'Wait, I'm Supposed to Become a Goddess?! But I'm a Guy!'
Chapter 210: The broken blade legion decree.
That was the final yell from one of the soldiers.
Blood...
Blood everywhere over this scene.
Corpses?
There were none as these gigantic creatures hunted without sparing any leftovers, they were swallowed and turned into snacks.
The scene shifted in an instant.
From the blood-slick street to the heart of power.
A sprawling city lay spread across the horizon, its crown a colossal tree that seemed to pierce the sky itself.
The trunk was a fortress, bark like blackened steel, roots the size of city blocks sinking deep into the earth.
Its canopies stretched far enough to blot out the sun in places, each leaf the size of a small house.
The branches bore not fruit, but stone and iron, fortified buildings nested in the greenery, connected by vast staircases, bridges, and lift platforms.

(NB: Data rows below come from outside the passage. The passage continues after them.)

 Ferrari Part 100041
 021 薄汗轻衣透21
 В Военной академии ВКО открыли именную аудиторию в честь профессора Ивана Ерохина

From those high perches, the city looked like it hung suspended between earth and clouds.
This was no common stronghold.
This was the Giant Green City, the domain of the Broken Blade Legion.
Across the massive walkways, enormous figures in green, angular armor moved with the same deliberate weight as war engines.
Their shadows stretched long over the bridges as they patrolled, their presence towering!
The view tightened, following a single figure pounding across the planked causeway of a high bridge.
His armor bore fresh dents, mud still clinging to the greaves.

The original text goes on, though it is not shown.